# Need a large quantity of Java Fern



## doctordun (Jul 30, 2006)

I am looking for a good quantity of Java Fern for my 120 gallon Goldfish only tank. I have lots of driftwood in it, but all plants I try get eaten.
I've read that Java Fern is the best to use with Goldfish and grows fast enough, if you have enough in the tank, to stay ahead of the goldfish appetites.

Most places sell a single plant with several leaves and are quite pricey. I am looking for a whole bunch of plants, to kind of overwhelm the tank with live plants.
I have two 30 gallon tanks with a nice variety of plants that do quite well. They have all tropical fish.
I just don't have much Java Fern.

Does anyone know who might sell in quantity and at a reasonable price?
Or is there a member with a lot, they might be trying to unload.

Thank you all in advance.


----------



## fishyjoe24 (May 18, 2010)

SUE at A-Z aquatic's in Royce city TX. $3.99 eachand they have 3-7 leafs on them. she sales mother plants too. https://www.facebook.com/azaquatic/posts/in-stock-noweb-texas/397651561105536/

or try. aquariumplants.com


----------



## Sherryazure (Jun 20, 2003)

doctordun said:


> I am looking for a good quantity of Java Fern for my 120 gallon Goldfish only tank. I have lots of driftwood in it, but all plants I try get eaten.
> I've read that Java Fern is the best to use with Goldfish and grows fast enough, if you have enough in the tank, to stay ahead of the goldfish appetites.
> 
> Most places sell a single plant with several leaves and are quite pricey. I am looking for a whole bunch of plants, to kind of overwhelm the tank with live plants.
> ...


............................................

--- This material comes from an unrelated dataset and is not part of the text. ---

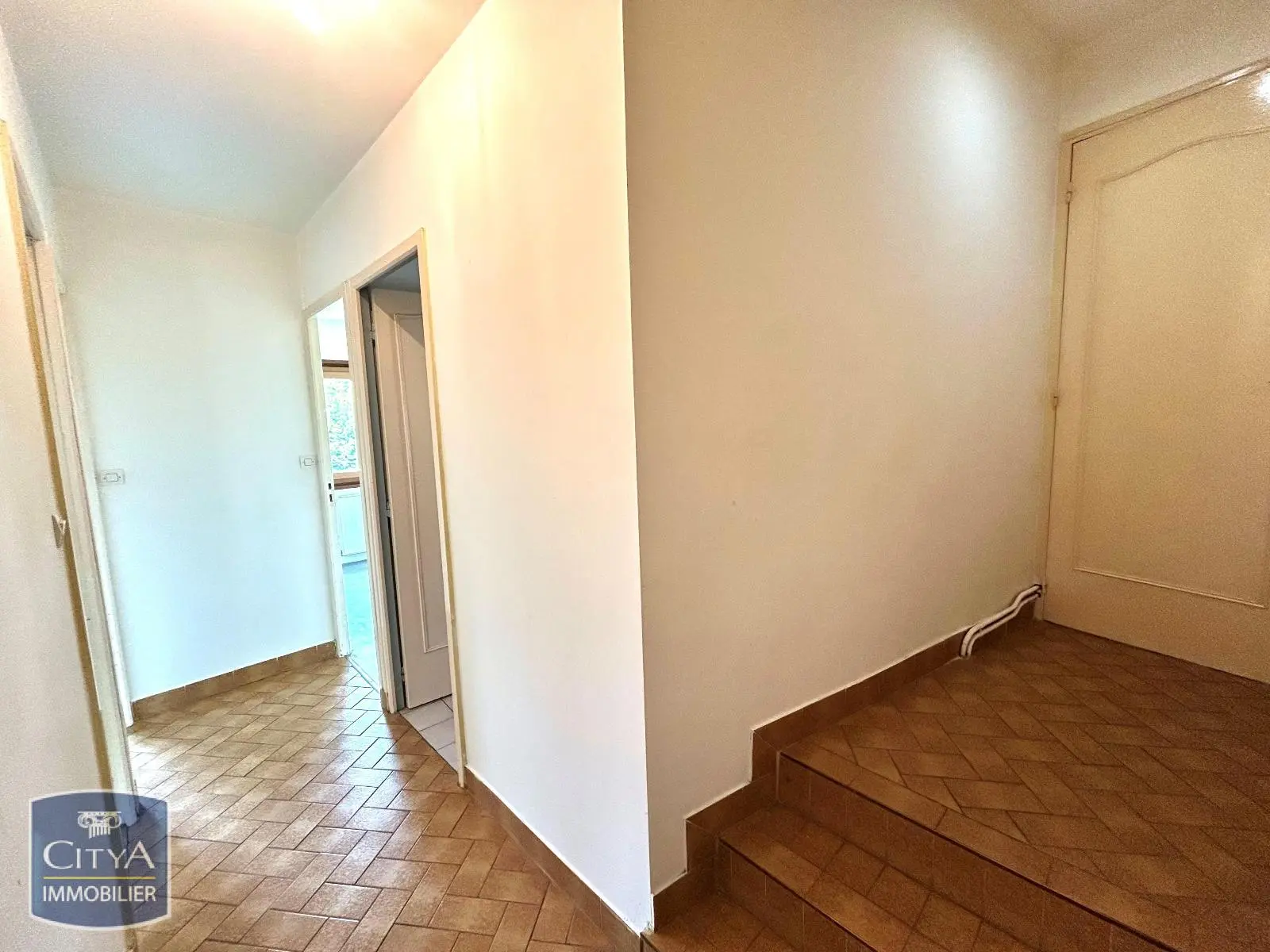 Photo 12 Appartement 5 pièces 95.24m²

Perhaps look at the Anubias family as well. (even tougher leaves). They would do well attached to your driftwood (I just used black tie twist which one can buy online in a roll). (the "roots" can not be buried) They are actually Rhizomes that attach to rocks or wood near river systems such as near waterfalls - time spent underwater and out of water).

There are a great many varieties - a lovely plant MHO.

This Moscow aquarist explains the various Anubias (some are NOT suitable for the average aquarium - they grow out of water - and often sold wrongly at major pet stores along with houseplants - ugh). Some of the attachments are from his page (enlarged) some entire backgrounds!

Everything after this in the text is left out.